TASK INSTRUCTIONS - Once you reach the line containing "Welcome back. In" in the data below, restate each line word for word up to and including the one containing "Moving on to".

== ENTRIES PROVIDED ==

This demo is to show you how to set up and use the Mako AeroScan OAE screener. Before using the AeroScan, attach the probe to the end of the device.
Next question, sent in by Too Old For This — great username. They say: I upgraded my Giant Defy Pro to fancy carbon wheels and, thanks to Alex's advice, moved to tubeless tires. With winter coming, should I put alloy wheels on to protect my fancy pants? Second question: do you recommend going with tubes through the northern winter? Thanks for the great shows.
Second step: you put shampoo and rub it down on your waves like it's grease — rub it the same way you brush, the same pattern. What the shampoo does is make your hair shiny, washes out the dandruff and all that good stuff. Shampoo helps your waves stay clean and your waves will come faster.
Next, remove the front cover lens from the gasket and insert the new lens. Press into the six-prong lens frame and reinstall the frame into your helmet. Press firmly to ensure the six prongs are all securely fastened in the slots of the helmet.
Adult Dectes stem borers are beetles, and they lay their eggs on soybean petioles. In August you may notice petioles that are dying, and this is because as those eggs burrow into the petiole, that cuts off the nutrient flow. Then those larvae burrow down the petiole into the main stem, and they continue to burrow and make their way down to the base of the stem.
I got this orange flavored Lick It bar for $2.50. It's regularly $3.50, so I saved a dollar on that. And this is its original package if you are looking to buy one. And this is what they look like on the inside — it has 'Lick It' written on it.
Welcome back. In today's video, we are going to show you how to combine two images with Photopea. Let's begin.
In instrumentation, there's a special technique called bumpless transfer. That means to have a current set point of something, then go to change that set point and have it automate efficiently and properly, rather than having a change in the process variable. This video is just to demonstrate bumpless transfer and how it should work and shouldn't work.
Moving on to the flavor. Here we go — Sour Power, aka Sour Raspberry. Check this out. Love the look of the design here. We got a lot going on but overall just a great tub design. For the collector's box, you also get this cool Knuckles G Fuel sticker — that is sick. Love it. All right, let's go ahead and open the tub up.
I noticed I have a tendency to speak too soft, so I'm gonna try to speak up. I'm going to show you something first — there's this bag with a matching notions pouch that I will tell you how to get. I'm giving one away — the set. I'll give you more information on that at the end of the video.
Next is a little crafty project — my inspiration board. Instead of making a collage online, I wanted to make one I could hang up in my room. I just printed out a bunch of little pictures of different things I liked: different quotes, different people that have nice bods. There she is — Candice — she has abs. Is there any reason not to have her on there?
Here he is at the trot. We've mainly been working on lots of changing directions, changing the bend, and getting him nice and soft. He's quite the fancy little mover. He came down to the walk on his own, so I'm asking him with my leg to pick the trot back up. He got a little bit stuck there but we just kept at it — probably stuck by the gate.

===

THE COMPLETED TASK -
Welcome back. In today's video, we are going to show you how to combine two images with Photopea. Let's begin.
In instrumentation, there's a special technique called bumpless transfer. That means to have a current set point of something, then go to change that set point and have it automate efficiently and properly, rather than having a change in the process variable. This video is just to demonstrate bumpless transfer and how it should work and shouldn't work.
Moving on to the flavor. Here we go — Sour Power, aka Sour Raspberry. Check this out. Love the look of the design here. We got a lot going on but overall just a great tub design. For the collector's box, you also get this cool Knuckles G Fuel sticker — that is sick. Love it. All right, let's go ahead and open the tub up.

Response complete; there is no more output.